Having passed the axis mundi and entered the second half of his literary output (so far), John Barth puts aside his "love it or lump it" style of conceptual fiction and eases us into "Sabbatical's" (1982) gentle estuaries.
Subtitled "A Romance," it is certainly that. This is the first time that Barth focuses on mundane human problems, midlife crises, and ennui, as opposed to unusual or historically-significant plot complications. In less skillful hands these topics could be dull, but BARTH KNOWS PEOPLE, at least certain TYPES of people. He deeply understands the angst of his characters, and "Sabbatical" is, at its heart, a dialog of angst.

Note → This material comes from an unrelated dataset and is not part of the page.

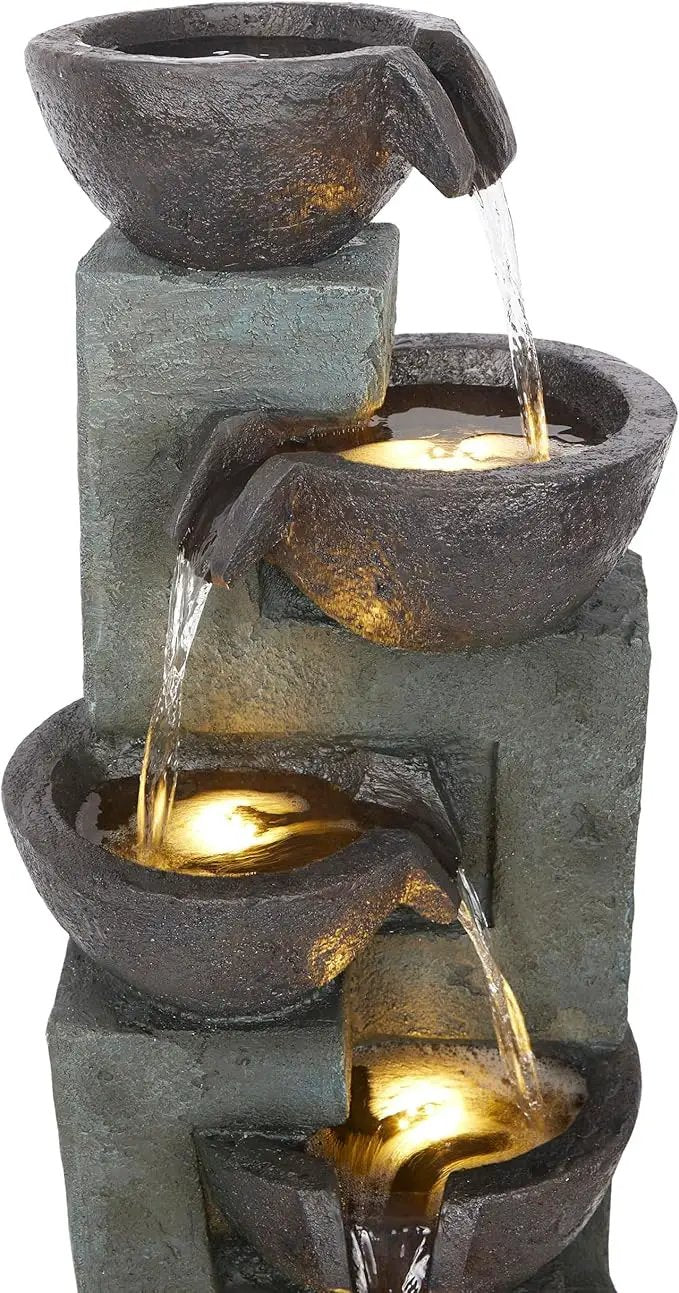 Alpine Corporation TZL390 Elegant Outdoor 5 Tier Bowls Waterfall Fountain with LED Lights for Garden, Patio, Yard, and Outdoor Spaces, Relaxing Cascading Fountain, 39" H, Gray by GreenHaven Gardens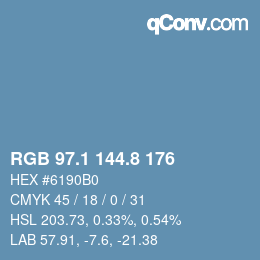 Color code: RGB 97.1 144.8 176 | qconv.com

Fenwick and Susan are married. They've embarked on an extended sailing trip to try to come to terms with their problems, and to make some crucial decisions about their future. At the beginning we're unsure of what their problems actually are, and their marriage seems pretty much perfect...but as the book's OTHER subtitle promises us ("A wry, mysterious tale about love, the sea, and storytelling") there is much going on below the surface, and I'm not just talking about Chessie.
The C.I.A. is involved. Relatives have disappeared mysteriously. Fenwick and Susan find themselves on an impossibly uncharted island, where Fenn loses his beloved boina and gets fired upon. Susan's family is a strange mess of authors, revolutionaries, and subnormal children, and Fenwick worries that the government may have designs on his heart. Huge, beautifully-described storms at sea bracket the equally awesome emotional blowouts on the boat, which crash towards a conclusion that SHOULDN'T have a happy ending...
...but does. I can't tell you about Fenwick's final revelation, but I WILL say that it's one of the most satisfying and surprising resolutions I've ever come across. It's the sort of "click" that should have come at the end of "Giles Goat-Boy." It's perfect and makes some of the more annoying elements of the book worthwhile.
Because, yes, "Sabbatical" is about "storytelling," so it is actually the story that Fenwick and Susan have written about their own adventure. You get the co-authors squabbling within the text itself. You get footnotes that are supposed to help introduce characters (but instead are just misplaced and confusing). You get the usual Barth practice of each character having multiple nicknames, and the need to describe in great detail how each name came about. You also get the intelligent, cute, sexually explicit and pun-filled "man and wife" dialog that we first read in "Chimera" and which finds its full expression here.
Also, for the first time, Barth REALLY lets loose with the sailing. Todd Andrews had an extended bit of sailing at the end of "LETTERS," but here we get an anatomical description of boats, procedures, and Maryland geography. I personally don't know the first thing about boats...in fact, the only boating information I've ever read has come from books by John Barth. But even so, he describes everything with such vivid joy that you can't help but appreciate the journey, even if you don't know what it means to "roller-furl" a "genoa."
This is Barth's most concise and beautiful book. I've never read it before and it's been a real delight, especially during the last fifty pages when things began to gel. If I were to recommend an introductory John Barth novel to a curious reader, this would be the one. Hint hint!
Barthy themes we read in "Sabbatical" for the first time: "on with the story" and references to Cervantes. Themes that continue from "LETTERS": Francis Scott Key, Edgar Allen Poe, the C.I.A., characters who have been somehow involved in literary history, and "Barataria." Themes that we've been coming across for a long time: water-messages, sea-nettles, twins, impotency, night-sea-journeys, the heroic pattern, Scheherazade, personified eggs and sperm.